SUPPLIED MATERIAL START
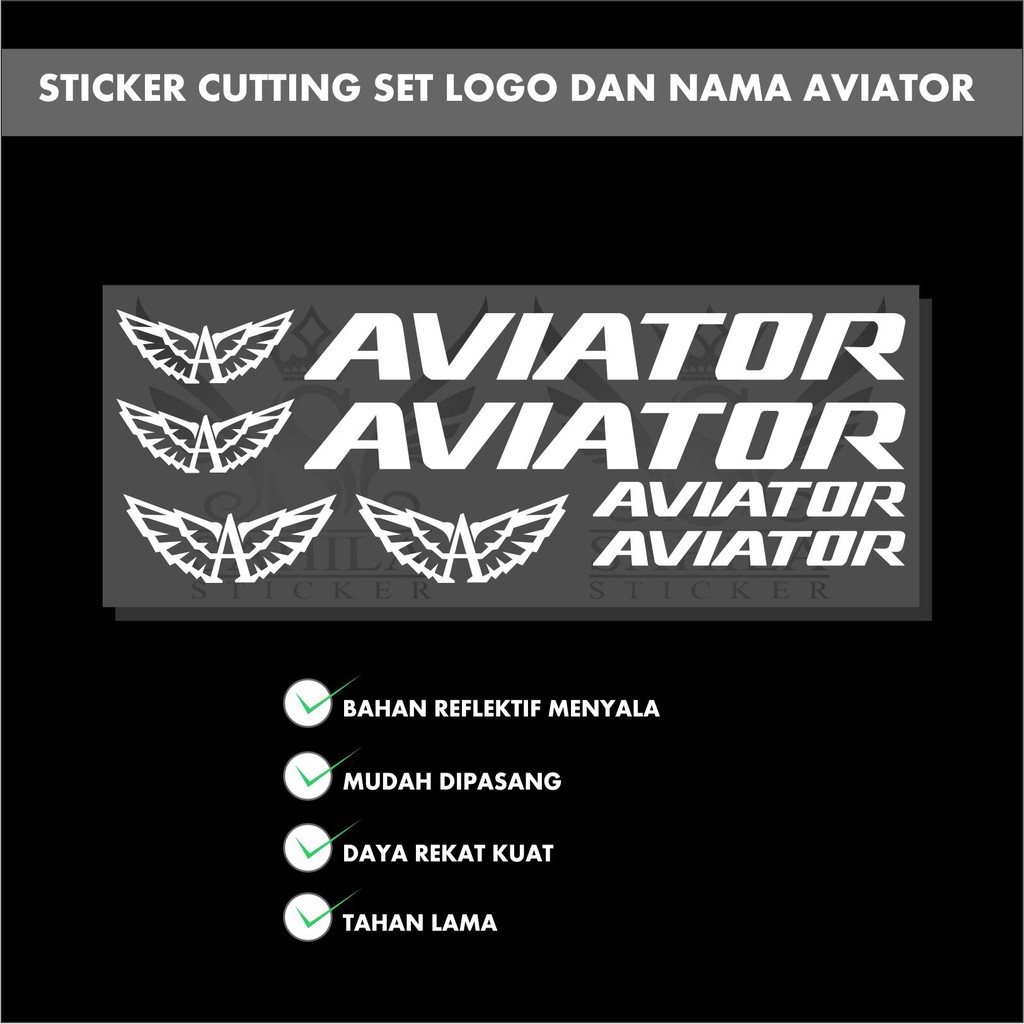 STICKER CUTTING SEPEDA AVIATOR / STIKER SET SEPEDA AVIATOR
SUPPLIED MATERIAL END
SUPPLIED MATERIAL START
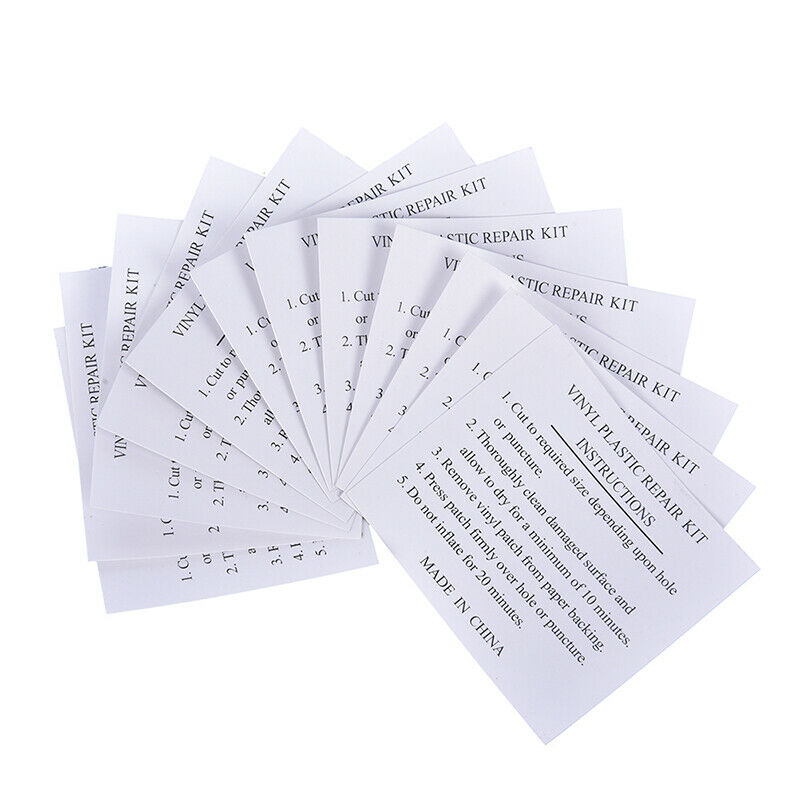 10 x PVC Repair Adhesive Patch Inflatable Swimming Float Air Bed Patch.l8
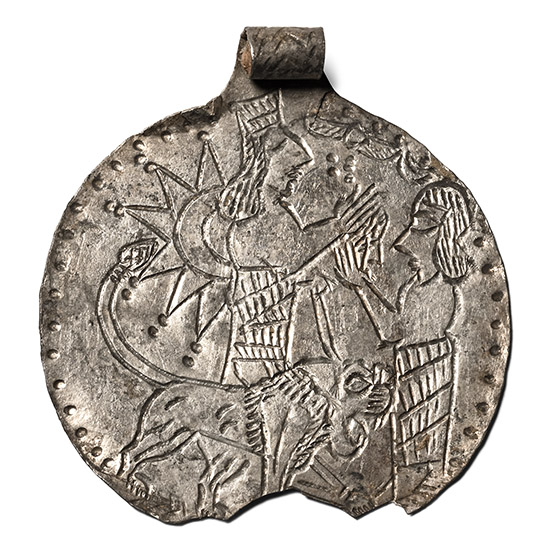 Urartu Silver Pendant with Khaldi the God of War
SUPPLIED MATERIAL END
SUPPLIED MATERIAL START
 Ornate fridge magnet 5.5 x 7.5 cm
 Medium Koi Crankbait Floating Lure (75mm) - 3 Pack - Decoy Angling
SUPPLIED MATERIAL END
REQUIRED ACTION: All lines above from the one containing "Ornate fridge magnet 5.5 x 7.5 cm" to the one containing "Medium Koi Crankbait" must be repeated exactly, both lines included, and no others.

EXPECTED ANSWER:
 Ornate fridge magnet 5.5 x 7.5 cm
 Medium Koi Crankbait Floating Lure (75mm) - 3 Pack - Decoy Angling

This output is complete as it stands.